PAISAJE A DESTIEMPO
LANDSCAPE AT THE WRONG TIME
Video-Installation
2019
5.60W x 3.50H Mtr
Branches of Dchrostachys cinerea (Marabú) and a tablet.
Paisaje a destiempo transplanted two panoramas of the interior of Cuba, a rural landscape and an urban one as a window (on a tablet). A marabou plantation was inserted in its entirety in the gallery environment as a span containing a platform that connects us with the ways of life of small cities: (Minas) as a partially slowed down and visually monotonous scenario as well as the vegetation that surrounds it.

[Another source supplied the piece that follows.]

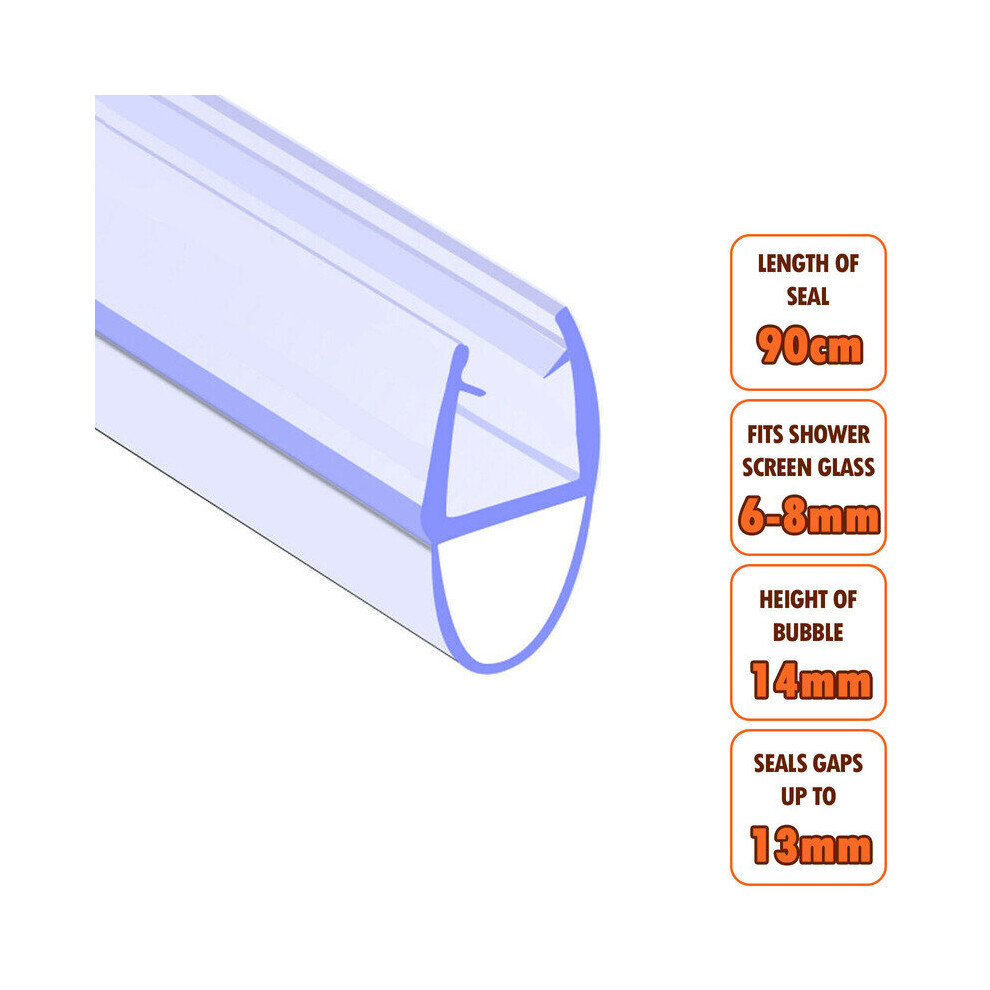 ECOSPA Bath Shower Screen Door Seal Strip 6-8mm Glass Gaps up to 13mm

This video-installation completely intervened a wall of the exhibition space. The branches, trunks and leaves of this invasive plant will become a grafted mattress on the white wall of the gallery. In the center of it, a looping video will be shown, like an indentation in the heart of this forest that is brought from afar.
I was interested in invading the gallery with this internal reality of the country, as a complementary space. I sought to bring out the invariability of the local Minas Gerais panorama (urban-rural) within the artistic consumerism. My scenario is Minas, one of the poorest municipalities of Camagüey. This is one of the images that evidences the lack of productivity in Cuba, the little sense of progress, it is lived in pause or it is produced from the "invention". We all simply assume this landscape as an identity motif.
I took urban landscape shots, scenes of the daily life of the place, the life in the street, the deserted noons, the nights full of young people on the wifi. The video shows the point where the daily life of the municipality is mixed with national production. It is a portrait of the local and family economy, where the productive states, its rhythm and its repercussion on the country's performance are evidenced.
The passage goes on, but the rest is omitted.